フランスでは、労働者と青年・学生の団結したねばり強い大衆運動で、青年労働者の首切りを資本が好き勝手にすすめる「初期雇用契約(CPE)」を撤回させる勝利を勝ちとった。そして、雇用や労働条件を全面的に改悪する新雇用機会均等法を廃案にする斗争へと進んでいる。フランスの斗争は、1990年代に入って、欧州各国の独占資本と政府が規制緩和、構造改革の名ですすめてきた市場原理主義、新自由主義の攻撃に大打撃を与えたものとして、ドイツ、イギリス、イタリアなど同様の攻撃とたたかう労働者や青年、勤労人民に勝利の展望を示している。
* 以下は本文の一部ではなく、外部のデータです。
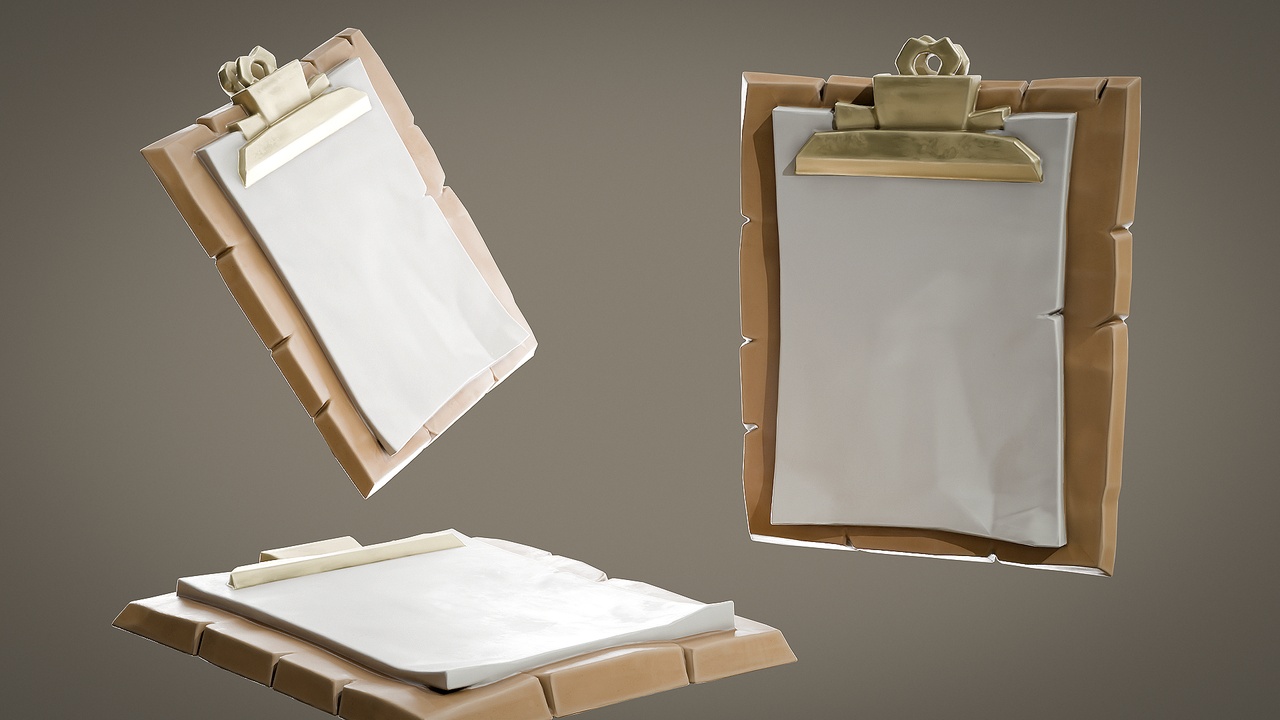 Media 1 for listing Stylized Clipboard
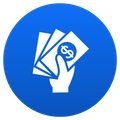 A circular blue icon with a white hand holding up several bills with a dollar sign on them, symbolizing saving money or avoiding costly damage. A circular blue icon with a white hand holding up several bills with a dollar sign on them, symbolizing saving money or avoiding costly damage.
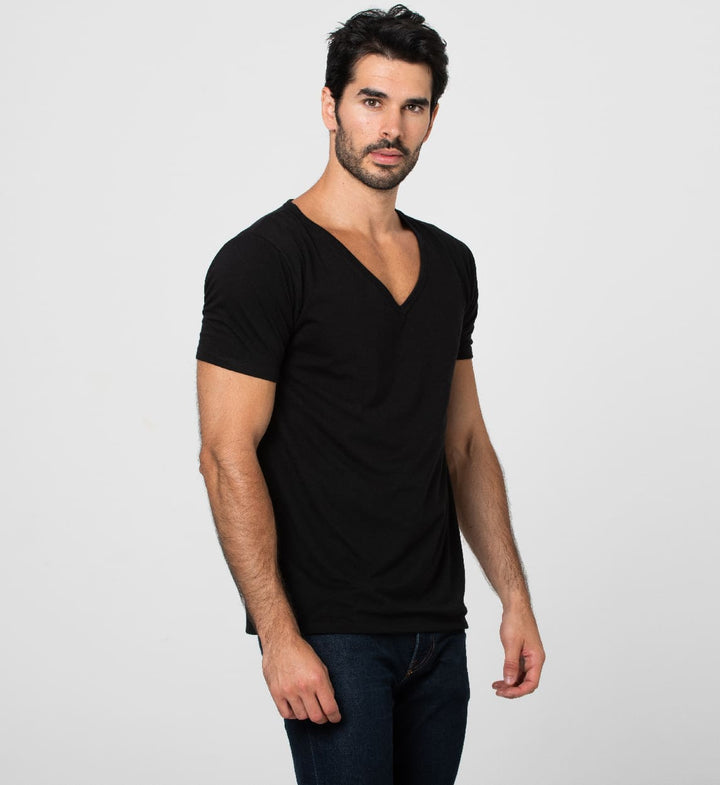 Sweat Proof Undershirt Deep V-Neck / Black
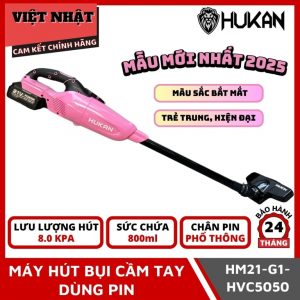 Máy hút bụi cầm tay dùng pin Hukan HM21-G1-HVC5050 bản hồng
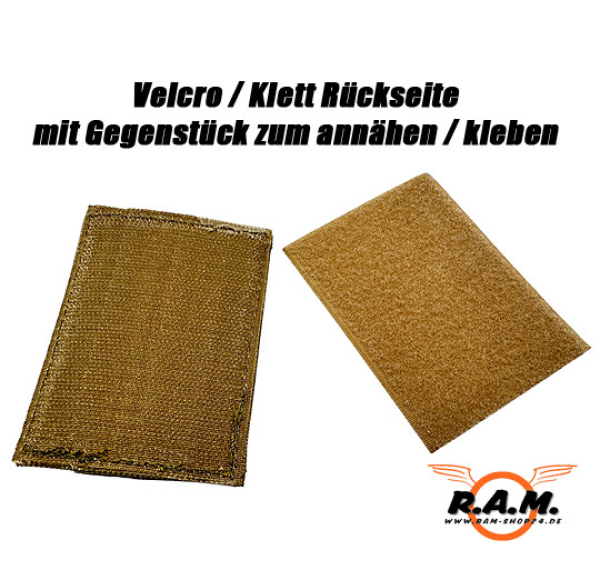 CAM870 Tasche mit Klett für 4 Ladehülsen in tan
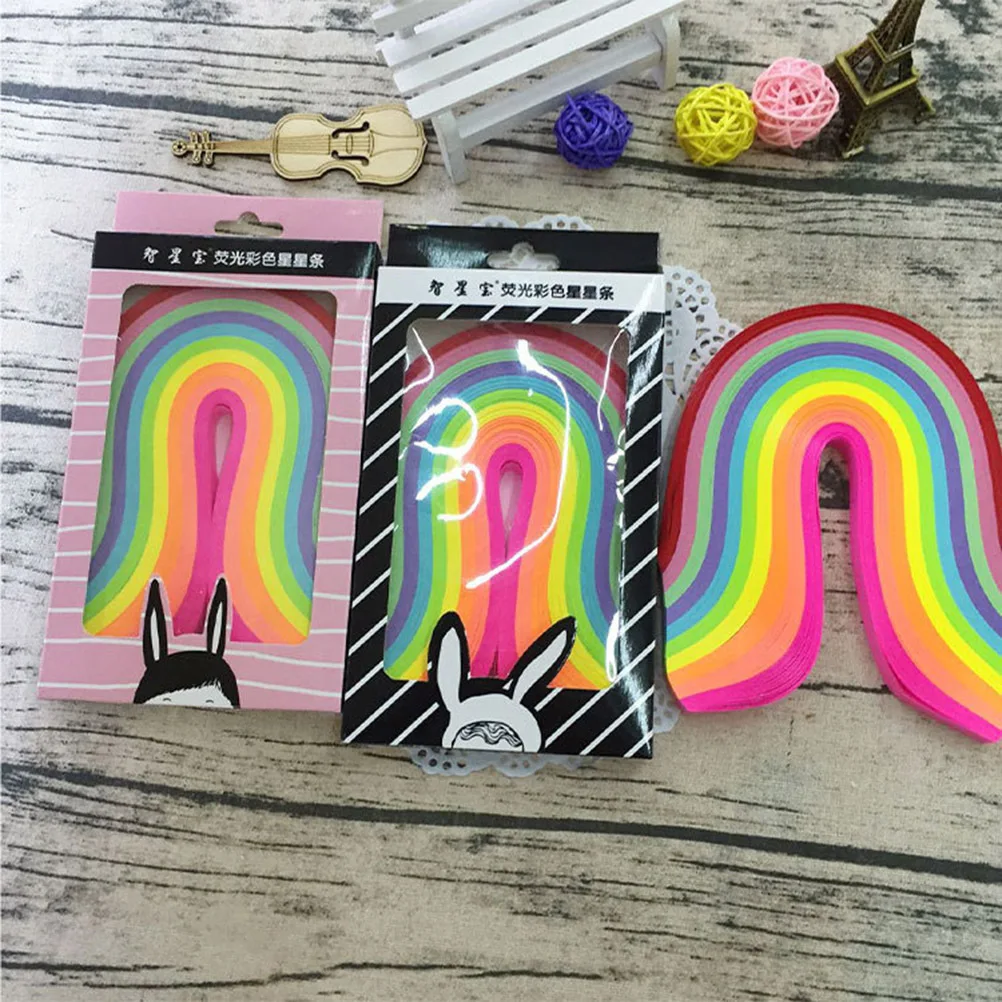 500 قطعة شرائط نجمة اوريغامي محاصر مزدوجة الجوانب ملونة لتقوم بها بنفسك الحرفية لتزيين الأسرة مهرجان شرائط ورق اوريغامي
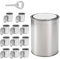 Pot de peinture vide - Sans doublure - 0,5 l - Multifonction - Avec couvercle - 12 boîtes pour le rangement de la peinture et plus encore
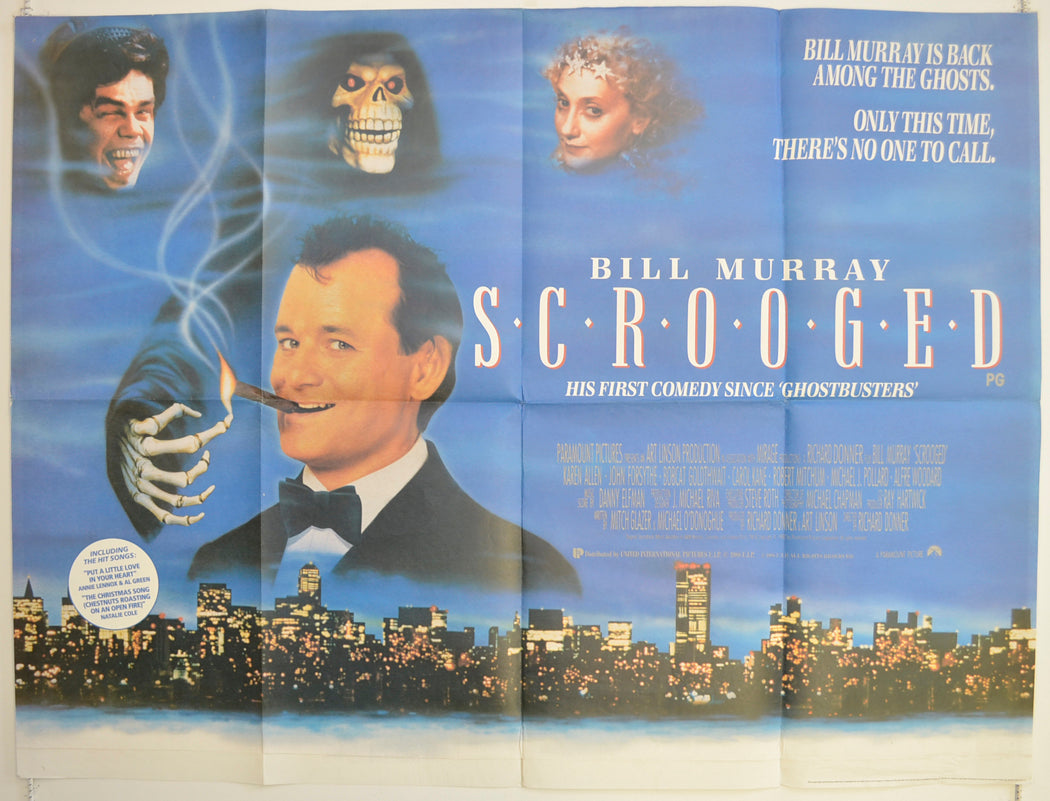 Scrooged  Original British Quad Poster - Film Poster - Movie Poster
それはまた、中南米からまき起こった新自由主義、グローバル化反対の潮流が欧州、アジアそして日本へと広がる確かなすう勢を示している。
規制緩和反対の行動拡大
フランスでは、シラク大統領が2002年に民営化による「産業の活性化」を重点政策としてうち出し、「改革の断行」を宣言してから、新自由主義推進に拍車がかかった。ラファラン政府は「国際競争力強化」を掲げて国鉄、郵便、電力、ガスなどの民営化計画をうち出した。郵便のラ・ポストでは、それまで全国132局あった区分センターを80局に統廃合し、人員削減と労働者の非正規化をすすめてきたうえに、数千の郵便局を閉鎖して数万人の労働者を削減する法案を提出した。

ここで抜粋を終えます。